**STORED DATA**:
BEGIN

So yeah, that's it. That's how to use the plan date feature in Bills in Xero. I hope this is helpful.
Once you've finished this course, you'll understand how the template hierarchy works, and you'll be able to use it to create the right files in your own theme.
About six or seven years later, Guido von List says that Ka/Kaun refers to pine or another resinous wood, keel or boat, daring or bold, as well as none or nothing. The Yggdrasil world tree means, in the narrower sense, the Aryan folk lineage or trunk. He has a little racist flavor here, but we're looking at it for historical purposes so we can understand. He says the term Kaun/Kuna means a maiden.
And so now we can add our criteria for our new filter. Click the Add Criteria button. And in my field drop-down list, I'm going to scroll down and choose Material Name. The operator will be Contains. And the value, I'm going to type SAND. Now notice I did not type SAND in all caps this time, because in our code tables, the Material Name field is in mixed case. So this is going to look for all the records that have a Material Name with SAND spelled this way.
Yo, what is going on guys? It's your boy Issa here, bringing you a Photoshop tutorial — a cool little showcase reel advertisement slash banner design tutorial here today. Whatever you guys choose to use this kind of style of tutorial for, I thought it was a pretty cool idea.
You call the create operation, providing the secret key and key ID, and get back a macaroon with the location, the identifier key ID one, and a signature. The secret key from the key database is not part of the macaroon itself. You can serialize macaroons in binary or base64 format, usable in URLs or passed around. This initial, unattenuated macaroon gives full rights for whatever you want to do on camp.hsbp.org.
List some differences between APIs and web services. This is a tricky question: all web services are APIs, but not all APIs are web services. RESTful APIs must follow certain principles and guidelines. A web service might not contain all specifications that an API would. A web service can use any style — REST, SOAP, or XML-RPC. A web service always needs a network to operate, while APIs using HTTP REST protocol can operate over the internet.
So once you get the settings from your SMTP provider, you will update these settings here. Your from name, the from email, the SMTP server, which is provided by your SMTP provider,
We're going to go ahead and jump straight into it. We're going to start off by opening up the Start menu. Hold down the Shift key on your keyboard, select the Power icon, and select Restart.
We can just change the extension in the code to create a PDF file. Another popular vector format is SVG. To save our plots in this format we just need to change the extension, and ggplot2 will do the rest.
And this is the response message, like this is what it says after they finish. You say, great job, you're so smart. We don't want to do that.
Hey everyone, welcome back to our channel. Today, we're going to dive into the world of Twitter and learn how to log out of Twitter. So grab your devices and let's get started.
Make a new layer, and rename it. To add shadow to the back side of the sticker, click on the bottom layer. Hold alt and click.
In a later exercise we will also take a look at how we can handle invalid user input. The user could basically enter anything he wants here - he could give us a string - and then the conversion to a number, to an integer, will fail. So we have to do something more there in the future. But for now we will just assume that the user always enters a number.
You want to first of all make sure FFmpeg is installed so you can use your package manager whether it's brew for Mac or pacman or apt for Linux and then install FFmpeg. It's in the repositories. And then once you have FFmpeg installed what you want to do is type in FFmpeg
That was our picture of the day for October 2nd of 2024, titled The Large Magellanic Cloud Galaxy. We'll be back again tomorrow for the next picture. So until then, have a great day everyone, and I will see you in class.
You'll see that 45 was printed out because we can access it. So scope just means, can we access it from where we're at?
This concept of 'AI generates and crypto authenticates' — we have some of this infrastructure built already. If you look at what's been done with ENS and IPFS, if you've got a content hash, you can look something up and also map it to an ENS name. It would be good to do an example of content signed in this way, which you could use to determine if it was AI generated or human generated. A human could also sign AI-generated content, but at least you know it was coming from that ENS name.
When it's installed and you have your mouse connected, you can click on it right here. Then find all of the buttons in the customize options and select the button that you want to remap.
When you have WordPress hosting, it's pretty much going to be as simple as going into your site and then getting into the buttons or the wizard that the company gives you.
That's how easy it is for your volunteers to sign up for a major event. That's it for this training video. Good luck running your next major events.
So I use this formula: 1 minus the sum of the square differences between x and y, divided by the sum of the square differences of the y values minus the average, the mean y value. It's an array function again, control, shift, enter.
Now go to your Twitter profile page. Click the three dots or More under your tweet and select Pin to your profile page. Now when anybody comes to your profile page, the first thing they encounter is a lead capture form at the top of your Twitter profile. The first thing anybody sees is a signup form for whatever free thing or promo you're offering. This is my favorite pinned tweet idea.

END

**TASK STATEMENT**:
Please quote the data above in full, with no line missing.

**TASK OUTPUT**:
So yeah, that's it. That's how to use the plan date feature in Bills in Xero. I hope this is helpful.
Once you've finished this course, you'll understand how the template hierarchy works, and you'll be able to use it to create the right files in your own theme.
About six or seven years later, Guido von List says that Ka/Kaun refers to pine or another resinous wood, keel or boat, daring or bold, as well as none or nothing. The Yggdrasil world tree means, in the narrower sense, the Aryan folk lineage or trunk. He has a little racist flavor here, but we're looking at it for historical purposes so we can understand. He says the term Kaun/Kuna means a maiden.
And so now we can add our criteria for our new filter. Click the Add Criteria button. And in my field drop-down list, I'm going to scroll down and choose Material Name. The operator will be Contains. And the value, I'm going to type SAND. Now notice I did not type SAND in all caps this time, because in our code tables, the Material Name field is in mixed case. So this is going to look for all the records that have a Material Name with SAND spelled this way.
Yo, what is going on guys? It's your boy Issa here, bringing you a Photoshop tutorial — a cool little showcase reel advertisement slash banner design tutorial here today. Whatever you guys choose to use this kind of style of tutorial for, I thought it was a pretty cool idea.
You call the create operation, providing the secret key and key ID, and get back a macaroon with the location, the identifier key ID one, and a signature. The secret key from the key database is not part of the macaroon itself. You can serialize macaroons in binary or base64 format, usable in URLs or passed around. This initial, unattenuated macaroon gives full rights for whatever you want to do on camp.hsbp.org.
List some differences between APIs and web services. This is a tricky question: all web services are APIs, but not all APIs are web services. RESTful APIs must follow certain principles and guidelines. A web service might not contain all specifications that an API would. A web service can use any style — REST, SOAP, or XML-RPC. A web service always needs a network to operate, while APIs using HTTP REST protocol can operate over the internet.
So once you get the settings from your SMTP provider, you will update these settings here. Your from name, the from email, the SMTP server, which is provided by your SMTP provider,
We're going to go ahead and jump straight into it. We're going to start off by opening up the Start menu. Hold down the Shift key on your keyboard, select the Power icon, and select Restart.
We can just change the extension in the code to create a PDF file. Another popular vector format is SVG. To save our plots in this format we just need to change the extension, and ggplot2 will do the rest.
And this is the response message, like this is what it says after they finish. You say, great job, you're so smart. We don't want to do that.
Hey everyone, welcome back to our channel. Today, we're going to dive into the world of Twitter and learn how to log out of Twitter. So grab your devices and let's get started.
Make a new layer, and rename it. To add shadow to the back side of the sticker, click on the bottom layer. Hold alt and click.
In a later exercise we will also take a look at how we can handle invalid user input. The user could basically enter anything he wants here - he could give us a string - and then the conversion to a number, to an integer, will fail. So we have to do something more there in the future. But for now we will just assume that the user always enters a number.
You want to first of all make sure FFmpeg is installed so you can use your package manager whether it's brew for Mac or pacman or apt for Linux and then install FFmpeg. It's in the repositories. And then once you have FFmpeg installed what you want to do is type in FFmpeg
That was our picture of the day for October 2nd of 2024, titled The Large Magellanic Cloud Galaxy. We'll be back again tomorrow for the next picture. So until then, have a great day everyone, and I will see you in class.
You'll see that 45 was printed out because we can access it. So scope just means, can we access it from where we're at?
This concept of 'AI generates and crypto authenticates' — we have some of this infrastructure built already. If you look at what's been done with ENS and IPFS, if you've got a content hash, you can look something up and also map it to an ENS name. It would be good to do an example of content signed in this way, which you could use to determine if it was AI generated or human generated. A human could also sign AI-generated content, but at least you know it was coming from that ENS name.
When it's installed and you have your mouse connected, you can click on it right here. Then find all of the buttons in the customize options and select the button that you want to remap.
When you have WordPress hosting, it's pretty much going to be as simple as going into your site and then getting into the buttons or the wizard that the company gives you.
That's how easy it is for your volunteers to sign up for a major event. That's it for this training video. Good luck running your next major events.
So I use this formula: 1 minus the sum of the square differences between x and y, divided by the sum of the square differences of the y values minus the average, the mean y value. It's an array function again, control, shift, enter.
Now go to your Twitter profile page. Click the three dots or More under your tweet and select Pin to your profile page. Now when anybody comes to your profile page, the first thing they encounter is a lead capture form at the top of your Twitter profile. The first thing anybody sees is a signup form for whatever free thing or promo you're offering. This is my favorite pinned tweet idea.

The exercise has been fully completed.